Learco Chindamo (an Italian national and therefore EU citizen) is the man who murdered the Head Teacher Philip Lawrence, and who has been serving a life sentence (which was originally going to be indefinite, I think, until the ECtHR stepped in relation to the cases of the killers of Jamie Bulger). Anyway, his tariff is set at a minimum of 12 years, which means he can be considered for release in 2008 - provided he is not a danger to the public. If he is not a danger to the public, then there is no way that **EU single market law** (note, Open Europe, single market not justice and home affairs) law would allow him to be deported, given his circumstances. Came to UK when only 6; only effective family and life in the UK; probably doesn't speak Italian; etc. etc. That much is abundantly clear from the citizens' rights directive, which I excerpted on the other blog.

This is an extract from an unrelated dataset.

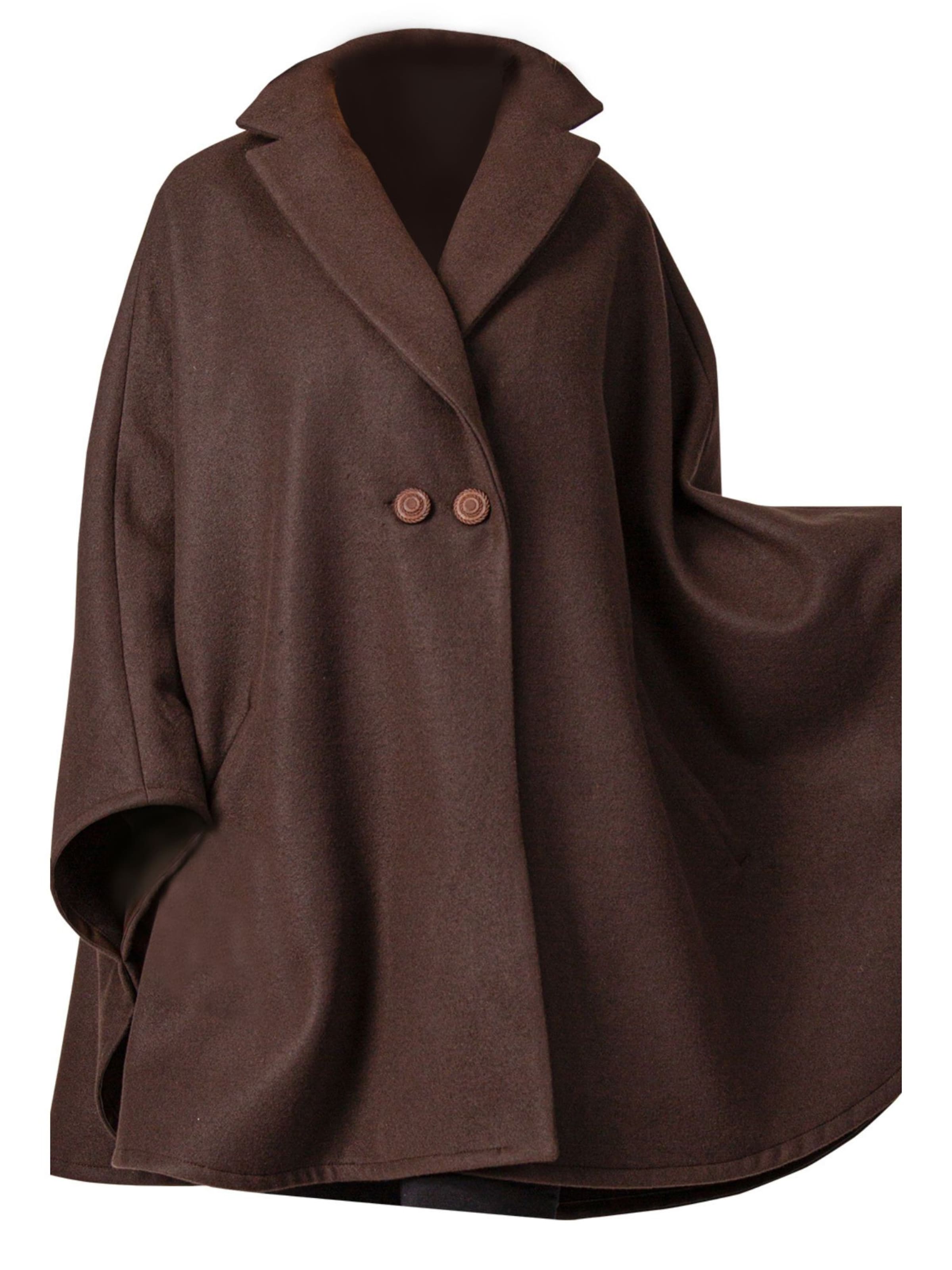 Cappotto di mezza stagione 'Jasmine' di Nikka Place in marrone: frontale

Quite how Open Europe think that this has anything to do with harmonisation in the field of justice and home affairs (which, I would agree with them, is politically tendentious) is beyond me. Open Europe
claims to embrace economic liberalisation. That means the single market. The single market for persons, as opposed to goods, services and capital, has always, inevitably, meant more than just treating people as economic commodities. That was recognised in the foundational free movement of workers legislation in the 1960s, in relation to matters such as coordination of social security rights, and - yes - the deportation of those deemed undesirable for whatever reason. It is interesting that the very first reference to the Court of Justice from a UK court was in relation to a deportation question - the case of Van Duyn
. The precise point there was about the consideration of cases involving what we now call "EU citizens", i.e. the nationals of a Member State, on an individual basis, judging what threat they might individually pose to public security. With the citizens' rights directive
, the law has moved on somewhat, but the point remains essentially the same. At least the courts appear to have understood the relevance and correct application of EU law (whatever you think about its political content), even if the politicians and the executive, to judge by the Home Office reaction, and a so-called "leading" thinktank have not.